Cramahe staff faces tough test

Department heads in Cramahe Township will need sharp pencils in the next three weeks.

Township Council took its first long look at the 2010 budget on February 9. If it were passed as it was presented, Cramahe taxpayers would be facing a 17% increase in the township portion of the tax levy. For a homeowner with a property valued by MPAC at $100,000 it would mean an increase of $140 and a total tax bill of close to $1,700 per year. Half of the total collected stays in the township. The totals do not include any increase in water or sewage treatment rates which are currently under study.

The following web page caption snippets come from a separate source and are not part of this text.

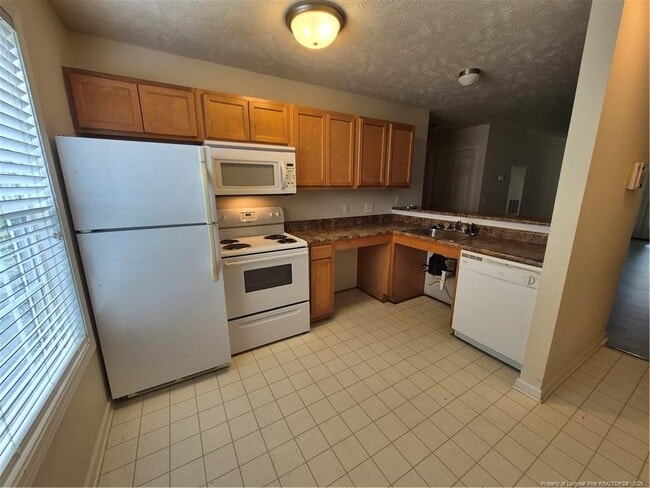 141 Wading Creek Ln in Fayetteville, NC - Building Photo - Building Photo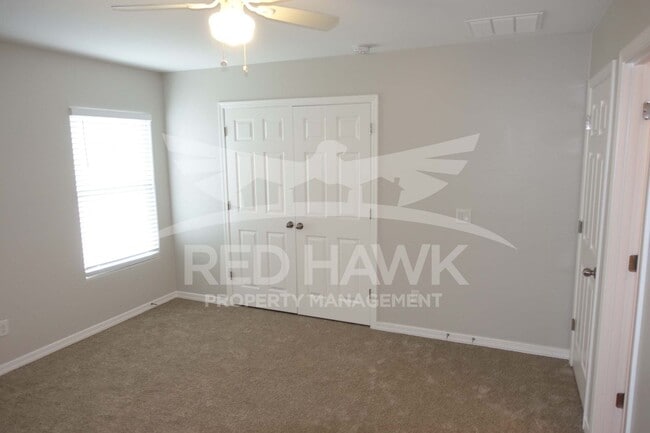 Building Photo - Charming Three Bedroom, Two Bathroom Cooli...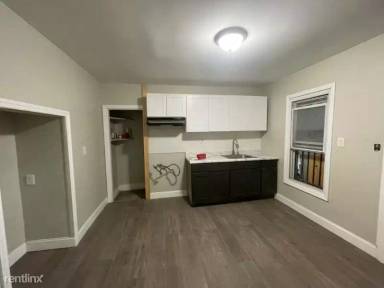 Main picture of 1082 Bond St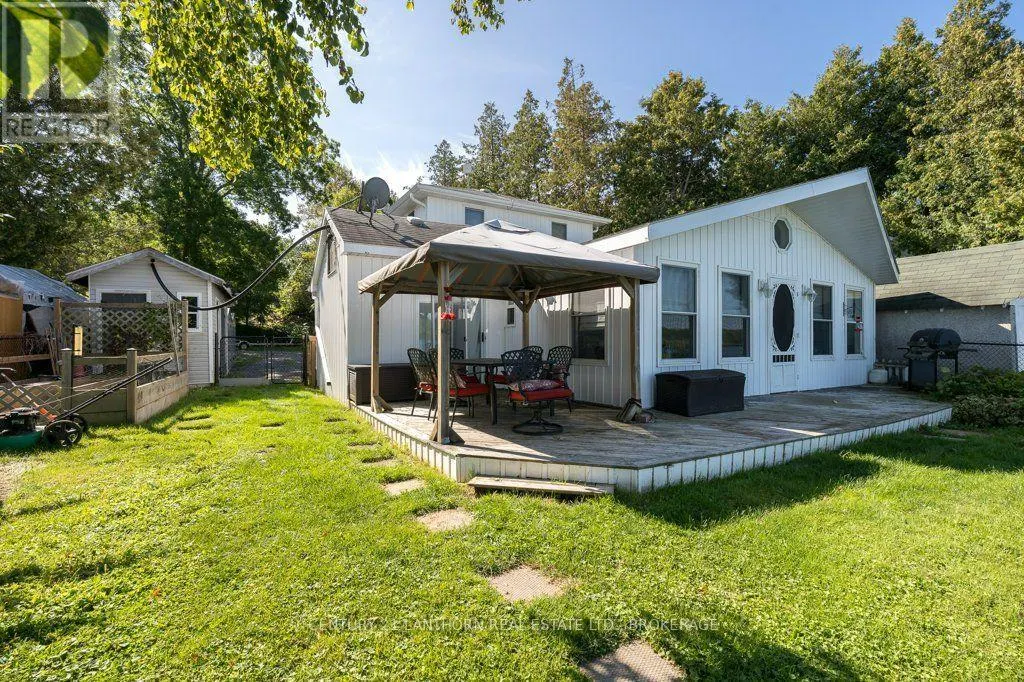 74 COTTAGE LANE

The projected increase was unacceptable to council and the heads have been sent back to find about $800,000 in cuts from a $4,957,405 budget. Last year the township budget was $3,906,787.

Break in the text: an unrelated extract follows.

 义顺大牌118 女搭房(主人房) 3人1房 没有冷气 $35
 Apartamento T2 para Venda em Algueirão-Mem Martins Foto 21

Council began the process on Tuesday with cuts to a several reserves of about $15,000, but it was clear from the tone of the meeting that this was only the beginning.

Residential taxpayers pay about 80% of the municipal tax. Farms and commercial establishments pay most of the rest.

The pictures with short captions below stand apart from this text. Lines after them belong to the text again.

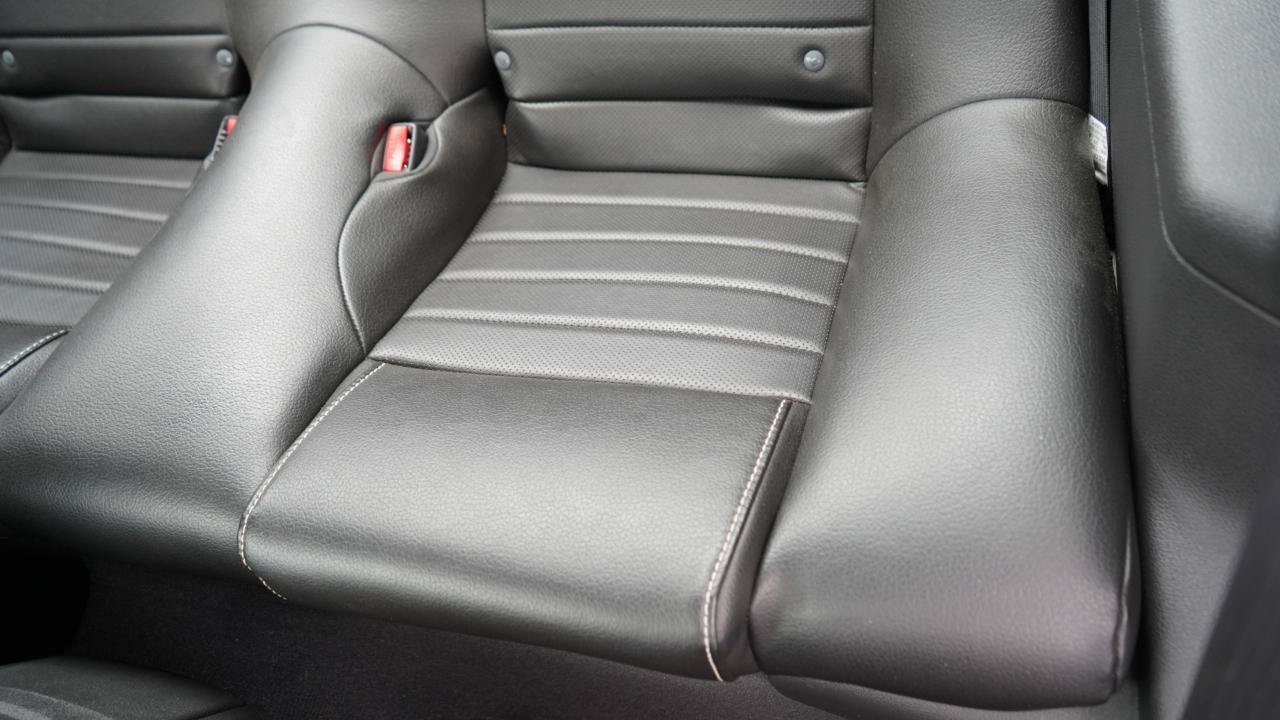 Used 2010 Ford Mustang GT RWD image 47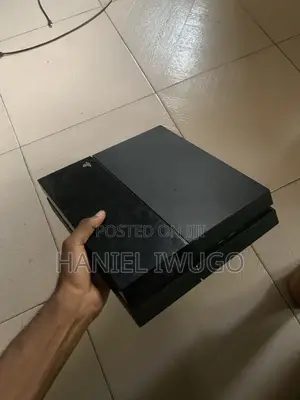 Sony Playstation 4 Fat (500gb) – Neat Fully Functional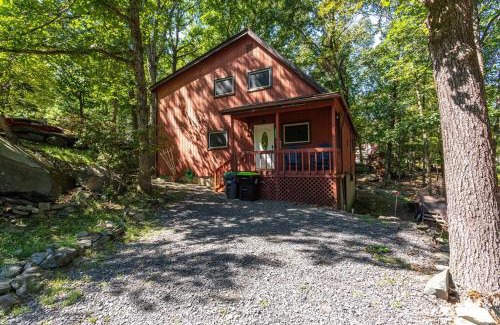 East Stroudsburg House | Cozy 3Br Fire Pit Hammock 2 Minutes to Beach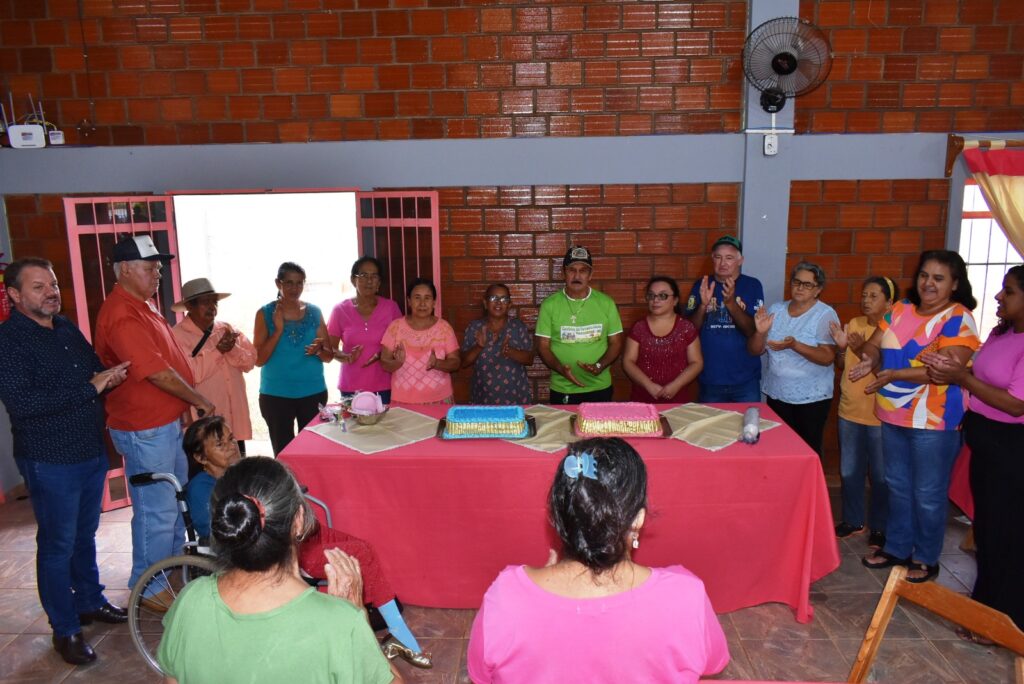 Prefeitura realizou celebração de Páscoa com o grupo da melhor idade em Paranhos Prefeitura realizou celebração de Páscoa com o grupo da melhor idade em Paranhos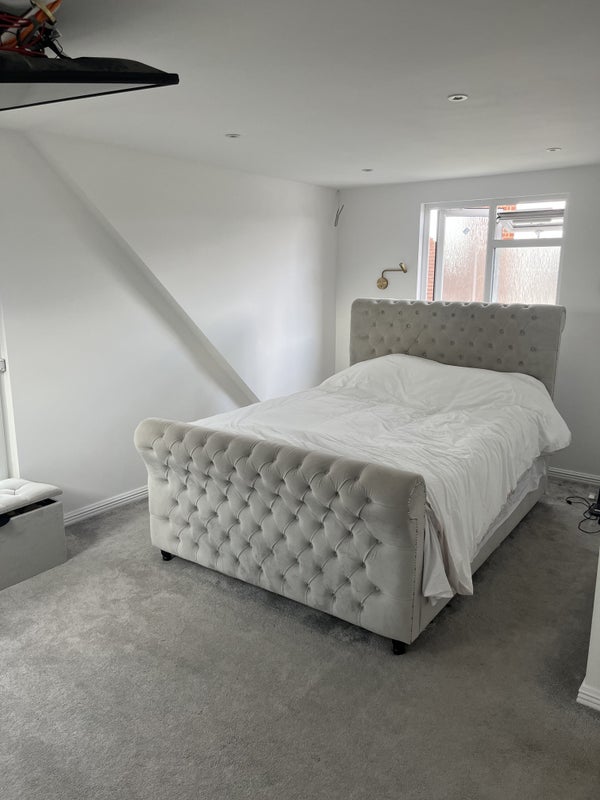 Room Mallinson Road in Greater London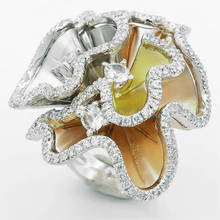 Кольцо женское, разноцветное, в форме цветка, инкрустированное белым цирконием 2024 - купить недорого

The wish list presented to council would wipe out the work done by the township to bring its taxes more in line with other rural municipalities in Northumberland County. In 2009 is sat fourth out of eight in terms of taxes paid out by its residents on a $100,000 home. It was second highest among the rural municipalities, with only Trent Hillshigher. Residents in Port Hope’s Ward 1 paid the highest tax bills in 2009, almost 25% more than Cramahe residents. Port Hope’s Ward 2 had the lowest tax rate.

Cramahe’s tax rates have gone down 6.42% since 2002. Last year the rates dropped by over 7%. The county rates have risen by 14% in eight years. Councillor Ed Van Egmond advised council that taxpayers don't care what the mill rate is - they want to know how their taxes will change.

Cramahe Mayor Marc Coombs suggested that council would like to see a budget total of $4.1 million presented by staff when council next sits down to review the figures on March 2.

Some heads have already seen the writing on the wall. Community Services Director, Dan O’Brien proposed that council cut his new proposals in order to bring his totals close to last year’s.

It is uncertain what will happen in the Works Department where Director Barry Thrasher is leaving on February 19 to take a Deputy Director’s position with the Town of Cobourg.

Once the township has brought its department budgets into line, it will see what it has left to grant to 15 agencies and groups who have made requests for funding.

Already a couple have been discarded. The county physician recruitment request for $17,000 is gone. Deputy Mayor Jim Williams agreed with a suggestion made by Mayor Coombs that a decision on a request for $30,000 by ENSS for a track and field renewal is premature.

Councillor Tim Gilligan launched a debate on the merits of using public funds to support private businesses. He pointed to the township support of the Auction Barn Jamboree. The township has paid for signs located at municipal boundaries to promote the annual country music jamboree.

Councillor Pat Westrope countered that there is a spin-off when 2,000 people visit the community. They purchase goods and services during their stay.